Y aura-t-il de la trêve à Noël ? l'Edito d'Eric Libiot

6 décembre 2023
Eric Libiot, rédacteur en chef d'Ecran total, livre son point de vue sur la semaine écoulée et sur les enjeux de celles à venir.
Y aura-t-il de la trêve à Noël ?

Il est temps que la période des bûches arrive pour se reposer. Quelles mouches, puisqu’il y en a plusieurs, ont donc piqué le secteur pour que ça s’agite à ce point quand chacun devrait penser papier cadeau et boules à sapin ? Pas de répit pour les braves. Ici Canal + lance une plateforme aux Pays-bas, là les techniciens français de l’audiovisuel se mettent en grève pour demander une augmentation de salaire. Puis c’est au tour d’Anatomie d’une chute de faire un carton sur le marché international et d’engranger les prix avant une possible (probable ?) nomination aux Oscars quand, un peu plus loin, l’écart des audiences en novembre entre TF1 et France 2 se resserre.

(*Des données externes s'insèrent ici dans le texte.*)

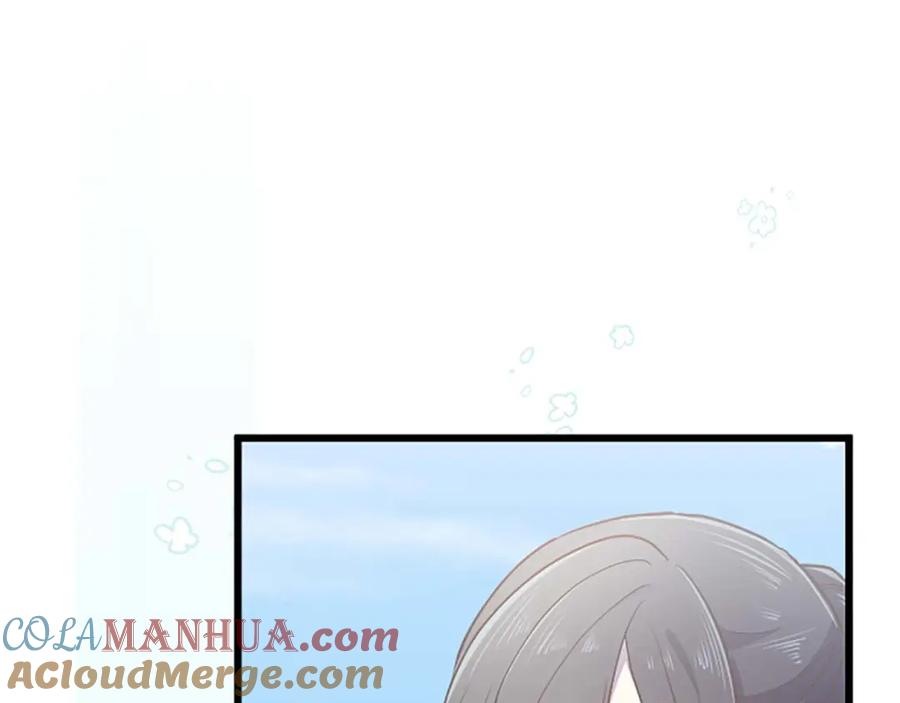 《狂爱和纯爱》第38话 王太子的邀请 第81页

Et encore… La fréquentation des cinémas en France sourit alors que Bob Iger, le patron de Disney, fait un vrai-faux mea culpa en reconnaissant une sur-production de suites peu goûtées par le public (Ante-Man 3, Indiana Jones 5). Toujours aux Etats-Unis, le documentaire de Beyoncé sur sa tournée cartonne en salles tandis qu’en Grande-Bretagne Banijay pourrait racheter le producteur et distributeur anglais All3media (1917 au cinéma, Fleabag en série). De son côté, Amazon lance son générateur d’images par IA, quand les scénaristes français de l’animation lèvent le crayon pour protester contre des producteurs qui refusent de payer leurs agents.

Et encore… Au moment où Love Actually fête ses vingt ans, Macaulay Culkin inaugure son étoile sur Hollywood Boulevard et Les trois Mousquetaires : Milady s’apprête à batailler sur grand écran. Sans oublier le voyage des membres de l’ARP à Bruxelles pour inciter les parlementaires européens à « confirmer leur attachement à la territorialité des droits », et le carton d’audience du numéro de Complément d’enquête sur Cyril Hanouna comme celui de la série Panda, le même soir, avec Julien Doré.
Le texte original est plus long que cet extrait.